If multiple assets with freshness policies depend on the same upstream asset, Dagster will try to intelligently materialize the upstream asset at times that allow it to minimize the number of runs of the upstream asset, while meeting the downstream freshness policies.

Auto-materialize policies and data versions#

Observable source assets are assets that your data pipeline doesn't materialize, but that you provide a function for that can tell when they've changed. If you set an AutoMaterializePolicy on an asset that's downstream of an observable source asset, then changes to the source asset will be treated as new upstream data that can cause the downstream asset to be auto-materialized.

In this example, we check every minute to see whether source_file was modified. If it was, then the AutoMaterializePolicy on asset1 will cause it to be materialized.

import os

from dagster import AutoMaterializePolicy, DataVersion, asset, observable_source_asset


@observable_source_asset(auto_observe_interval_minutes=1)
def source_file():
    return DataVersion(str(os.path.getmtime("source_file.csv")))


@asset(
    deps=[source_file],
    auto_materialize_policy=AutoMaterializePolicy.eager(),
)
def asset1():
    ...

Auto-materialization and partitions#

Partitioned assets can have AutoMaterializePolicys. Partitions are eligible for auto-materialization when either:

  • They are missing - i.e. have never been materialized before
  • New data has arrived in the partitions that are upstream of them

For time-partitioned assets (daily, hourly, etc.), only the last partition will be auto-materialized. To materialize earlier partition, launch a backfill.

Here's a pipeline with two daily-partitioned assets that have eager auto-materialize policies. At the end of each day, a partition for that day will be added to the set of partitions for each of the assets. Dagster will notice that the new partitions exist, but have no materializations, and then auto-materialize them.

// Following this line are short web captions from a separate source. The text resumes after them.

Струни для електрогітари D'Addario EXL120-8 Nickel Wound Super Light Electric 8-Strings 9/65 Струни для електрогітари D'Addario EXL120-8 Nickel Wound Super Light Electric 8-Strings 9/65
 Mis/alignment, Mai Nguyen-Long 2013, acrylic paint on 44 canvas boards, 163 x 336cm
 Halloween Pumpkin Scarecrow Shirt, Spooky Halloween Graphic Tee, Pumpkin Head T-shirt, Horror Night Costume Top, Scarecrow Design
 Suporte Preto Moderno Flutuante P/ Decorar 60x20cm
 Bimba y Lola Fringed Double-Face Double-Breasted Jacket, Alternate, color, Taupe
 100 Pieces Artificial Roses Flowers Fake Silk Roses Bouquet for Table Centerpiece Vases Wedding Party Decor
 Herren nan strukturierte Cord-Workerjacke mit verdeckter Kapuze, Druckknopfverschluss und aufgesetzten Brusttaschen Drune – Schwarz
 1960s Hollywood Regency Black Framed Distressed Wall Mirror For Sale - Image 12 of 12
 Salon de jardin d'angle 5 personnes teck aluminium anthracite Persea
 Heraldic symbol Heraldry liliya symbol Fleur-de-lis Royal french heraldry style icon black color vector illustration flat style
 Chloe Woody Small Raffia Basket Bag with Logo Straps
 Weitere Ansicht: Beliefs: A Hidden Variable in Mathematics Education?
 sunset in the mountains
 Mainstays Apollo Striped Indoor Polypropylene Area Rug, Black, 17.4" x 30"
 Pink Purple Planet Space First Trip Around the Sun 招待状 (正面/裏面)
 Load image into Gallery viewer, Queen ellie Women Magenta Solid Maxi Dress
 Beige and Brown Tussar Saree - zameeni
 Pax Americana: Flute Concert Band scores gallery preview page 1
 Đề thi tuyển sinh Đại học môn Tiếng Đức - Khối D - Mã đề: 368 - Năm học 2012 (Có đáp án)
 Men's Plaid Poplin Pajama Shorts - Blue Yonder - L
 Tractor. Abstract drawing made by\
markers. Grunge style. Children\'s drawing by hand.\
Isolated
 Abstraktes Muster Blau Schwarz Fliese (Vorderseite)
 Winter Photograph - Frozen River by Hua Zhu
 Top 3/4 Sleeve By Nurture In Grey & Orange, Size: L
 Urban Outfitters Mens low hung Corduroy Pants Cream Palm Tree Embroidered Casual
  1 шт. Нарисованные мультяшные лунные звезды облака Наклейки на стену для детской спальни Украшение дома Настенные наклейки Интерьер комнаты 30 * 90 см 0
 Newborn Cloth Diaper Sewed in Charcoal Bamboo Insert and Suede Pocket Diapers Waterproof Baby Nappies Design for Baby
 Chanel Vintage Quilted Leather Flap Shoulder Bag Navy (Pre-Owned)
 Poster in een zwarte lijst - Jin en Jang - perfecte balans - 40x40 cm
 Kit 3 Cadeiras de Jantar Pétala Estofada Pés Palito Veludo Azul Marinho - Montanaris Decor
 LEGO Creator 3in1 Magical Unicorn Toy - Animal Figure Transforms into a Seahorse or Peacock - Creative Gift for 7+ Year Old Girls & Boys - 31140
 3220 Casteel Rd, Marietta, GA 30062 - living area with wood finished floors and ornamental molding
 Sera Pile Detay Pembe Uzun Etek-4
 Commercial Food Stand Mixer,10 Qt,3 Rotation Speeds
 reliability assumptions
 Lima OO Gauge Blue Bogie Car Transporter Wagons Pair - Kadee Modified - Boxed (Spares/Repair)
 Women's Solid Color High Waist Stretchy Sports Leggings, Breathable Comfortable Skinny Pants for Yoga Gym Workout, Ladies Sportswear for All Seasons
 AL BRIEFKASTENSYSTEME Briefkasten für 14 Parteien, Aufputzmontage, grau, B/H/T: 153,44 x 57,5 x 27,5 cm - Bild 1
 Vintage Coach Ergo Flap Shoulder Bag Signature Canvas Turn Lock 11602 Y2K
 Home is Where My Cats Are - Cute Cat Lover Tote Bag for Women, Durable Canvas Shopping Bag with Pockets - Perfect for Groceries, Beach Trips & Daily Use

from dagster import AutoMaterializePolicy, DailyPartitionsDefinition, asset


@asset(
    partitions_def=DailyPartitionsDefinition(start_date="2020-10-10"),
    auto_materialize_policy=AutoMaterializePolicy.eager(),
)
def asset1():
    ...


@asset(
    partitions_def=DailyPartitionsDefinition(start_date="2020-10-10"),
    auto_materialize_policy=AutoMaterializePolicy.eager(),
)
def asset2(asset1):
    ...

If the last partition of asset1 is re-materialized, e.g. manually from the UI, then the corresponding partition of asset2 will be auto-materialized after.

StaticPartitionsDefinitions and DynamicPartitionsDefinitions do not have this limit, so all partitions will be automatically-materialized.

Rules of auto-materialization#

  • Assets will not be auto-materialized if any of their ancestors are currently being auto-materialized.
  • Assets will not be auto-materialized if any of their ancestors have not yet incorporated the newest materialization of their upstream assets.
  • If the run to auto-materialize an asset fails, it can be retried if run retries are configured. Otherwise, Dagster won't try to auto-materialize that asset again until it would auto-materialize it if the failed run had succeeded. I.e., if an asset has a daily freshness policy, and it fails, Dagster won't auto-materialize it again until the next day.
  • By default, no more than one materialization of a given asset will be kicked off per minute. Further materialization requests will be discarded, and will require manual backfilling to complete. This can be configured using the max_materializations_per_minute argument to AutoMaterializePolicy.eager and AutoMaterializePolicy.lazy.

Run tags#

Runs triggered by auto-materialize policies are tagged with dagster/auto_materialize: true. Additional tags can be configured in dagster.yaml (OSS) or deployment settings (Cloud).